Nos governos Fernando Henrique Cardoso (1995-2002) surge uma nova crise de mercado para as montadoras aqui instaladas e novamente pelo seu poder de pressão, por ser o carro-chefe da economia brasileira, conseguem novos benefícios. Facilitou-se a modernização do processo produtivo das montadoras, destruiu-se a política industrial brasileira ao se permitir que novas plantas aqui instaladas no final dos anos de 1990 recebessem incentivos e benefícios fiscais, fazendo com que os estados e municípios passassem a disputar a instalação de novas plantas das multinacionais automotivas. Tais empresas ganharam terrenos, infraestrutura, investimento direto, dilação de recolhimento de ICMS.
O que vimos a partir daí foi um salto extraordinário no número de plantas dessas montadoras: de quatro que estavam instaladas no ano de 1957, saltou para 27 no final da década de 90. Nova crise de mercado reaparece nos governos Lula (2003-2010) e mais uma vez essas montadoras exercem seu poder de pressão e conseguem novas medidas de redução de IPI para resolver os problemas de vendas no mercado interno, já que o mercado externo, pela valorização do real, entrou também em crise.
As medidas recentes adotadas pelo governo Dilma Rousseff vão na mesma direção e tiveram início com a dilação do prazo de redução do IPI por dez anos via decreto, e agora com a elevação da alíquota para a importação de veículos fora do Mercosul.

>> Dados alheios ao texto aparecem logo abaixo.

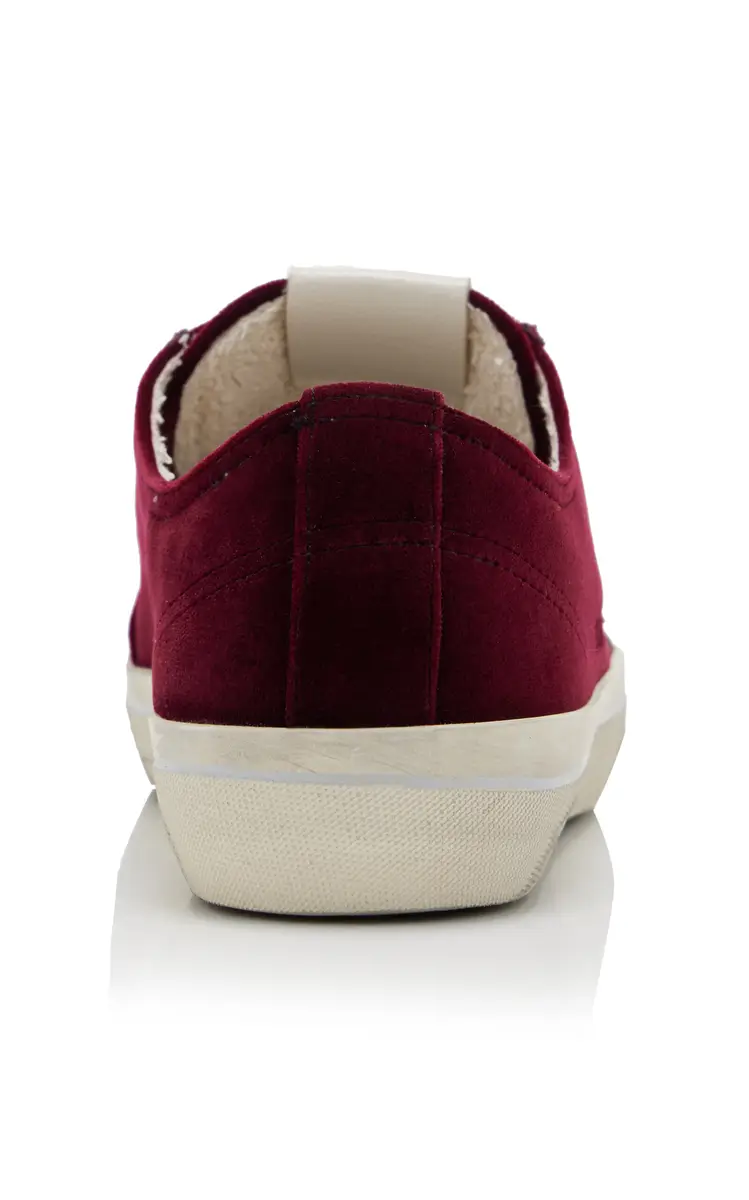 Golden Goose V-Star 2 Leather-Trimmed Velvet Sneakers | Thumbnail 4 Golden Goose V-Star 2 Leather-Trimmed Velvet Sneakers | Thumbnail 4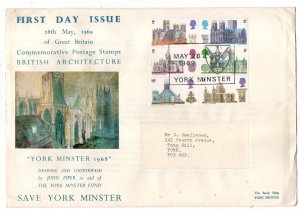 GB 1969 British Cathedrals Official FDC + York Minster SP PMK (vg cond) WS35568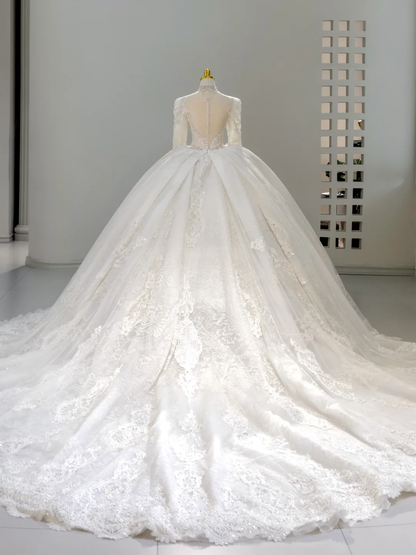 Romantisches Brautkleid Brautkleid Ballkleid High Neck Spitze Brautkleid Weiße Brautkleider Bescheidene Brautkleider DH2046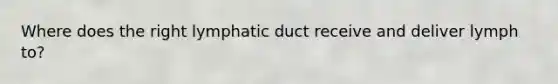 Where does the right lymphatic duct receive and deliver lymph to?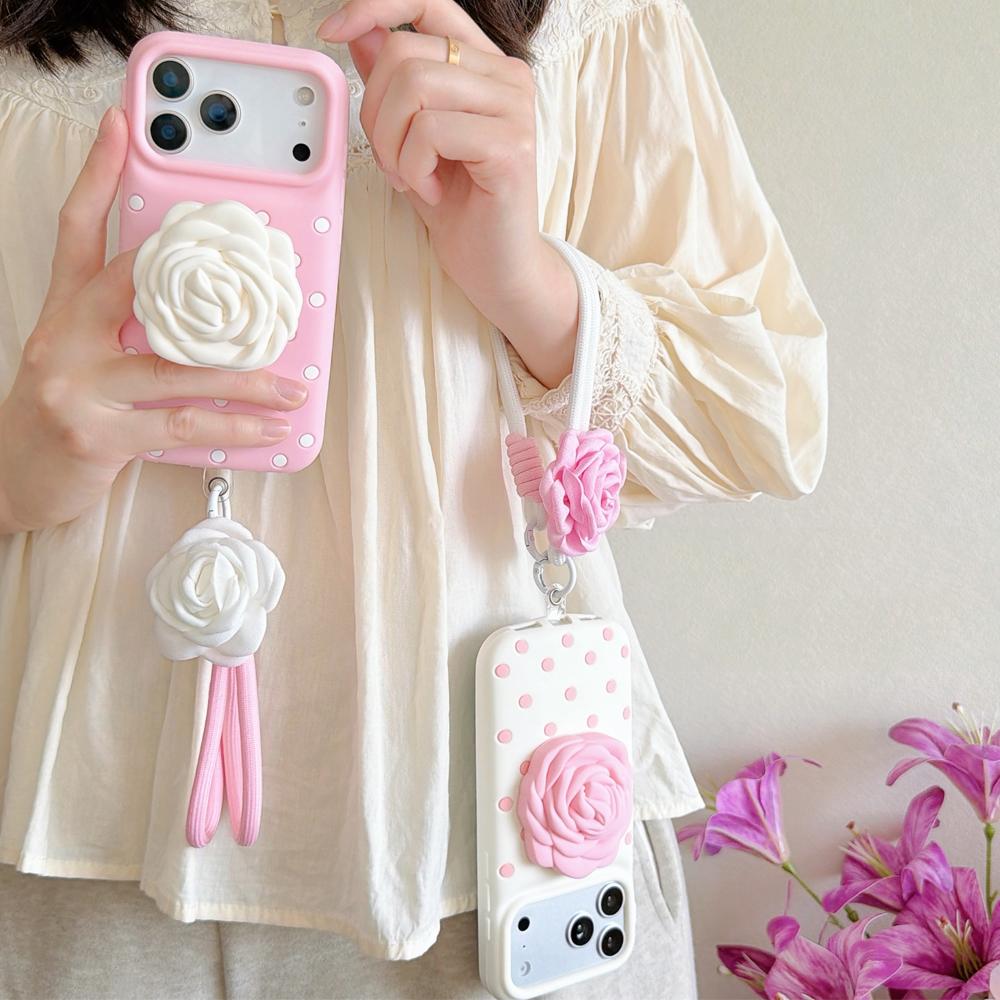 Fashion Rose Flower Folding Bracket Kickstand Polka Dots Silicone Wrist Strap Case for iPhone 17 16 15 14 13 Pro Max
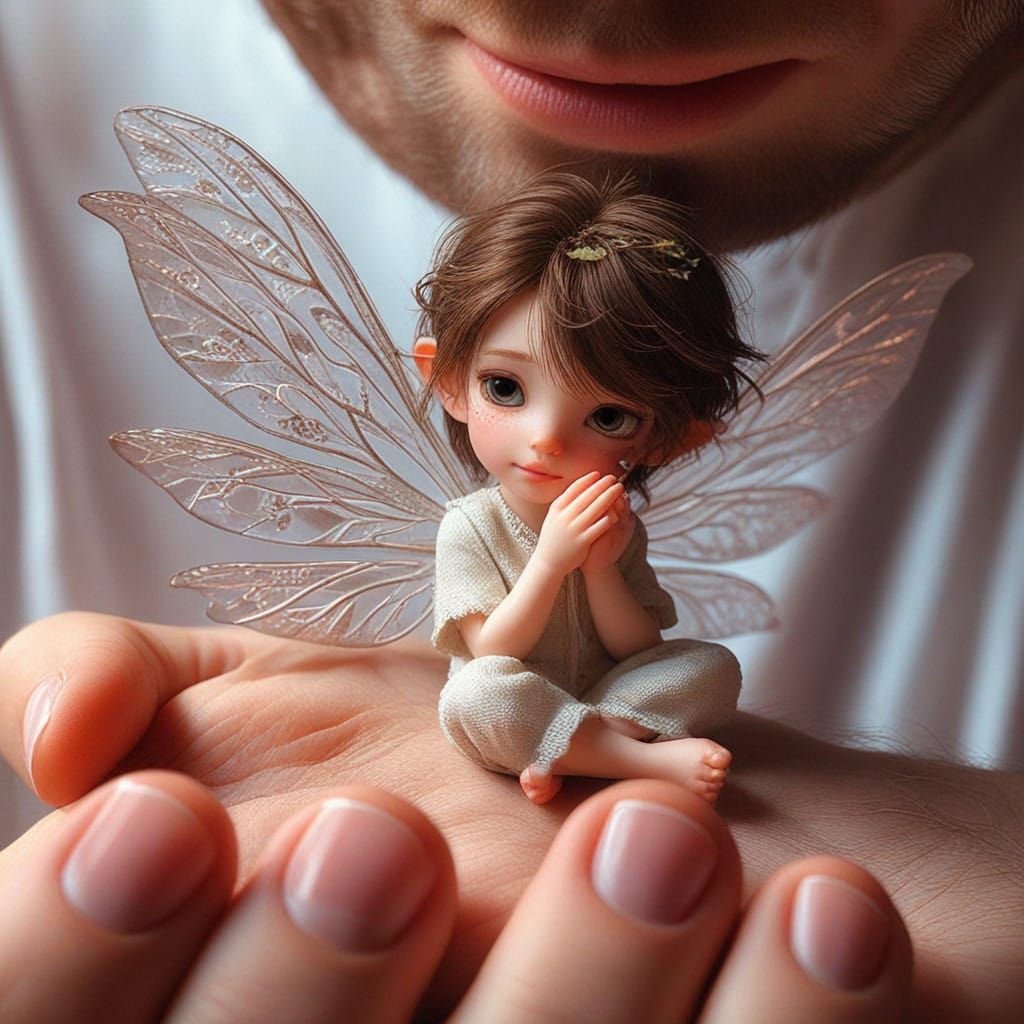 Serene Winged Elf Cradled in a Gentle Hand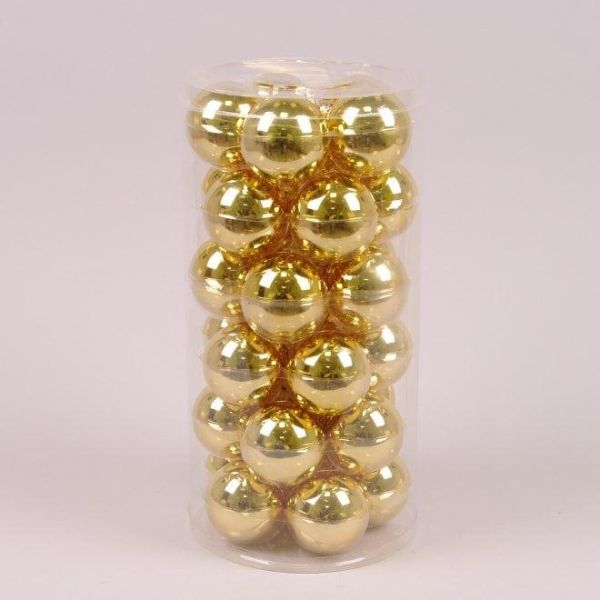 Шарики стеклянные 5,7 см. золотые глянцевые (30 шт.) 44574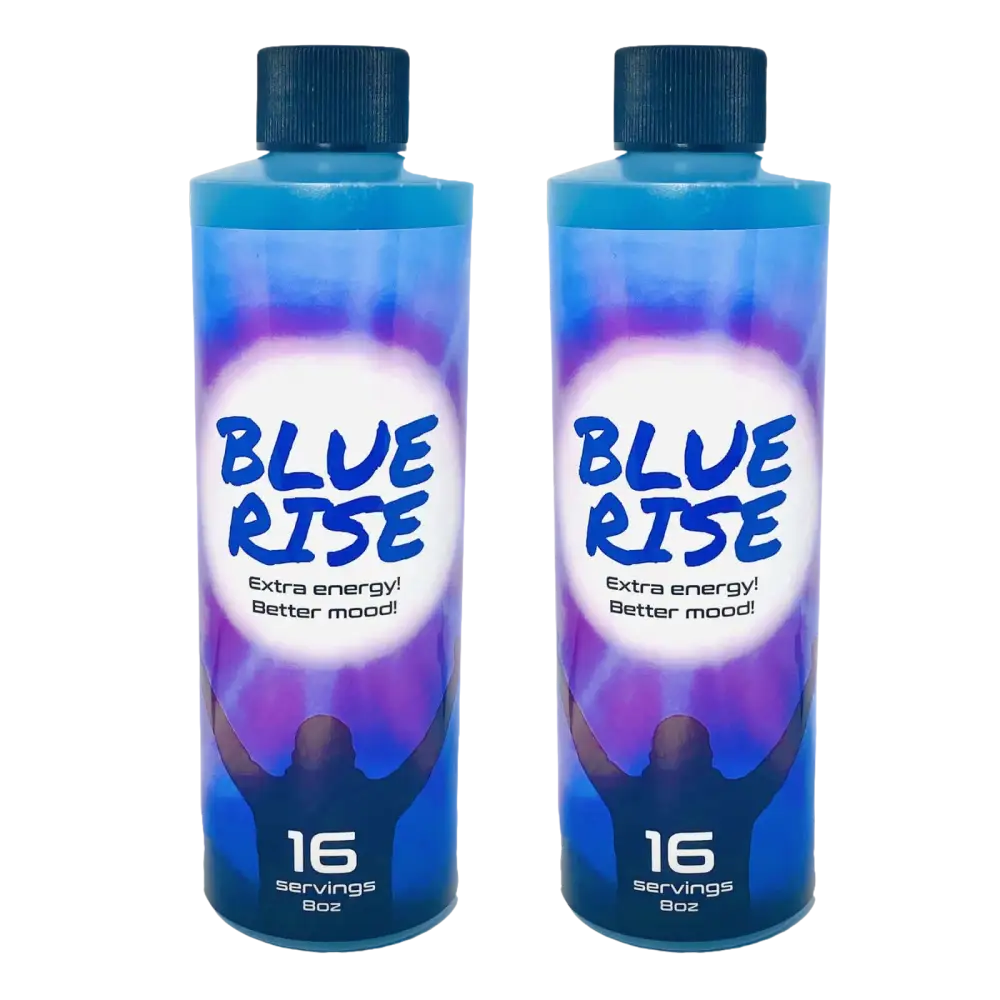 8oz Blue Rise Extra Mood Energy Red Dawn Formula Party Drink 4 Bottles - Dietary Supplement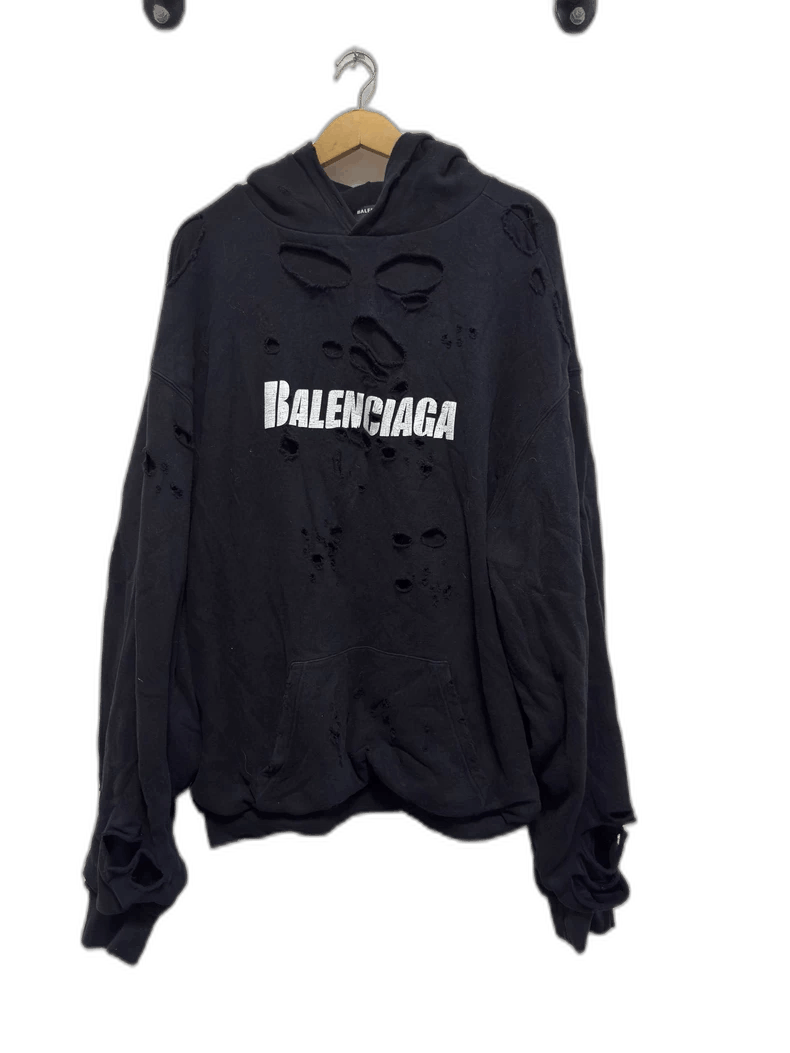 トップス Balenciaga Black Ripped Hoodie 2021 Balenciaga Balenciaga Black Ripped Hoodie | Grailed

Mais uma vez o governo brasileiro tenta justificar tais medidas com o argumento de proteger o emprego no país. Os dados comprovam que nesse tipo de indústria de alta tecnologia os empregos só tem diminuído. Divulga que são medidas para proteger a indústria nacional quando exige que os componentes dos veículos aqui fabricados tenham 65% de componentes nacionais. Cabe um esclarecimento para o bem da verdade: desde a abertura comercial do governo Collor, passando pelas medidas dos governos FHC, Lula e Dilma, o que assistimos foi o fim da indústria nacional de autopeças, já que as novas montadoras instaladas nos anos 90 vieram com o pacote pronto, cujos modelos de veículos foram projetados nas suas matrizes no exterior, para um modelo de produção global, que incluía, desde a origem, as empresas de autopeças e componentes de origem estrangeira.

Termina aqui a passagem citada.